Your assignment: Output the line that contains "new 2025 Hyundai", then every line beneath it through the end of the records, exactly as given and with no other lines.

(Web page caption snippets)

----------------------------------------

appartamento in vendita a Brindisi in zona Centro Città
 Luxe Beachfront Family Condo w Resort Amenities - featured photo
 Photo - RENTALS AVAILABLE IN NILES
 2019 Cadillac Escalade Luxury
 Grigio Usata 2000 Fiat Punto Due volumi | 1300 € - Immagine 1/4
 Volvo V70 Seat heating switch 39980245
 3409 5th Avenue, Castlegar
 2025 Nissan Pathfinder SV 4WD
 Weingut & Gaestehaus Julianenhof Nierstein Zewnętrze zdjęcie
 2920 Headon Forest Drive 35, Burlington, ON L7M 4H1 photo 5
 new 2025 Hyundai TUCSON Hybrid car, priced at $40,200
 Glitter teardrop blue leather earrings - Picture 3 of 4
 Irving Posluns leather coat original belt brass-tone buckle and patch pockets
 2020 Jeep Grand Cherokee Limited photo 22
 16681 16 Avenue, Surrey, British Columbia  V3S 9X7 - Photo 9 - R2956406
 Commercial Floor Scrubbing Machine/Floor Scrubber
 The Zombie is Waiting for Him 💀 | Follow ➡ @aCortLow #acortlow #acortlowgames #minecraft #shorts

----------------------------------------

Reply:
 new 2025 Hyundai TUCSON Hybrid car, priced at $40,200
 Glitter teardrop blue leather earrings - Picture 3 of 4
 Irving Posluns leather coat original belt brass-tone buckle and patch pockets
 2020 Jeep Grand Cherokee Limited photo 22
 16681 16 Avenue, Surrey, British Columbia  V3S 9X7 - Photo 9 - R2956406
 Commercial Floor Scrubbing Machine/Floor Scrubber
 The Zombie is Waiting for Him 💀 | Follow ➡ @aCortLow #acortlow #acortlowgames #minecraft #shorts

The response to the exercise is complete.